This Christian charity website has morphed into a crowdfunder for Trump election conspiracy theories
Pastors praying over Donald Trump (Photo: Screen capture)

A website originally set up for Christian charitable giving has recently morphed into a crowdfunding website to help promote wild conspiracy theories about President Donald Trump's loss in the 2020 presidential election.


The Daily Beast's Will Sommer reports that GiveSendGo, a website that has traditionally been used to raise money for Christian missionaries, is now being used as a hub for Trump-related crowdfunding projects that would likely get removed if they were put on traditional crowdfunding websites such as GoFundMe.

The site first took off as a far-right crowdfunding page this past summer after GoFundMe banned projects to raise money for Kyle Rittenhouse, the Trump-supporting teenager who was charged with murder after he kill two Black Lives Matter protesters in Kenosha, Wisconsin.

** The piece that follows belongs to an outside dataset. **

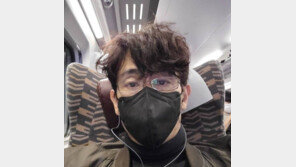 차인표, 교수님 포스…“출근중, 수시면접”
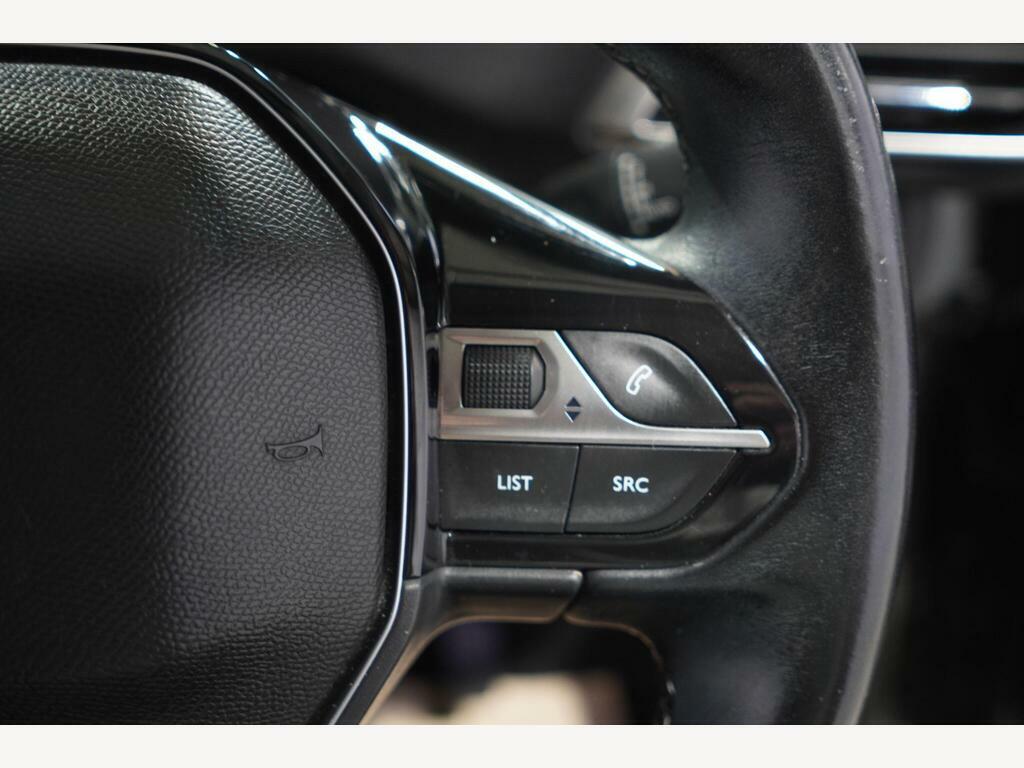 Peugeot 3008 1.2 Puretech Active Red #17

The number of fringe causes on the website has only grown since the election when the focus shifted from raising bail money for alleged killers to rescuing Trump's flailing efforts to overturn the 2020 election.

Trump campaign staffer Matt Braynard, Sommer writes, has "raised more than $674,000 on the site for his 'Voter Integrity Project' before he stopped accepting donations, promising that any leftover funds would be used for voter registration and an 'anti-voter fraud project.'"

Trump-loving blogger Jim Hoft, meanwhile, has raised more than $100,000 on the site that will purportedly be used to "send a film crew and reporters to Michigan to investigate 'voter irregularities and fraud.'"

As Sommer notes, however, none of these projects have had any impact on the Trump campaign's ability to win court cases and its lawsuits are getting tossed out at an unprecedented rate.